## Input for this task
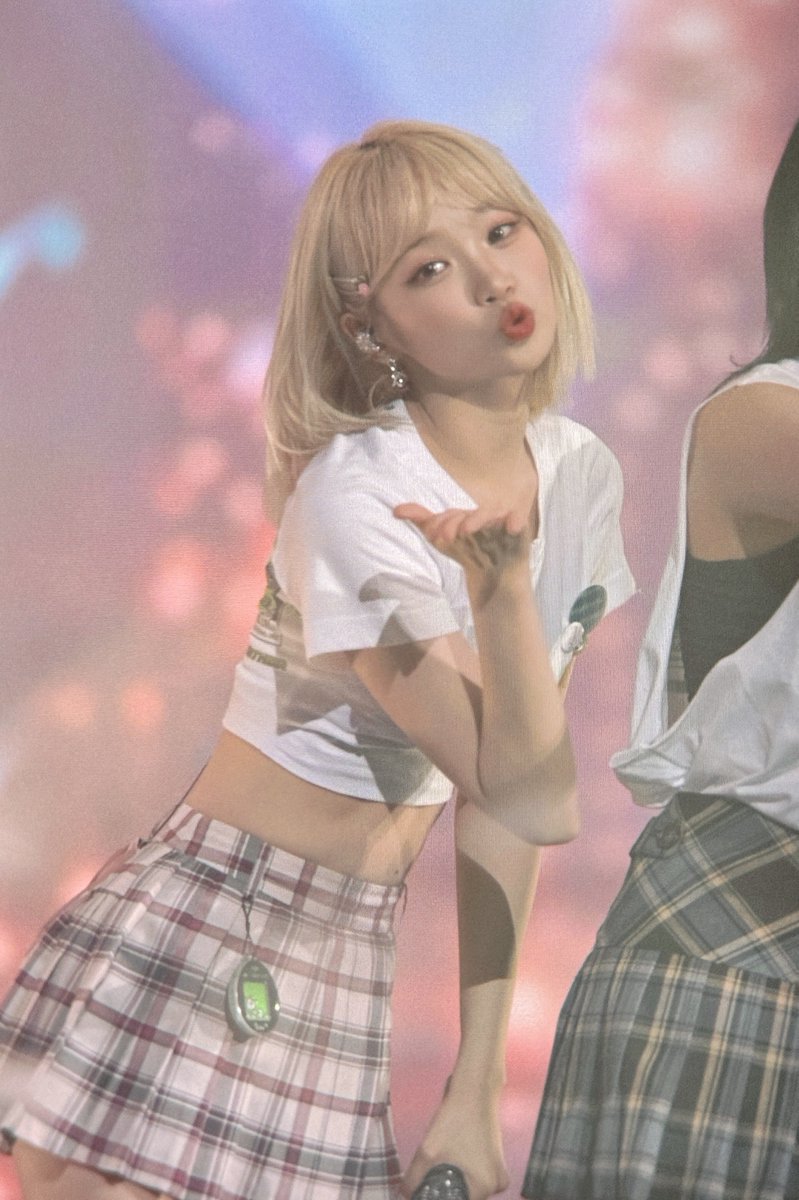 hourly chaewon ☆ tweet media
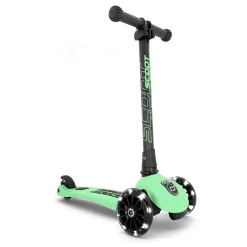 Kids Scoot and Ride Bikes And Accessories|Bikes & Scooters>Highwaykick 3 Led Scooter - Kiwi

==

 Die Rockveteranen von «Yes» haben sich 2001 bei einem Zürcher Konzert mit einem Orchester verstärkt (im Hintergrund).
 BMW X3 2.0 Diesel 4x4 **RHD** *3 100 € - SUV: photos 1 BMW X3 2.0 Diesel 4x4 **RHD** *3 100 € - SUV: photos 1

==

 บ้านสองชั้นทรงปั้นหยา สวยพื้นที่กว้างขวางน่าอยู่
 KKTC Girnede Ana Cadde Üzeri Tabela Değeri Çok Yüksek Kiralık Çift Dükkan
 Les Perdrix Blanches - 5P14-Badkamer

## What is required
In the listing above, find the line containing "hourly chaewon ☆ tweet media" and the line containing "Kids Scoot and", then return both of them and every line between, exactly, without pictures.

## Response area
 hourly chaewon ☆ tweet media
 Kids Scoot and Ride Bikes And Accessories|Bikes & Scooters>Highwaykick 3 Led Scooter - Kiwi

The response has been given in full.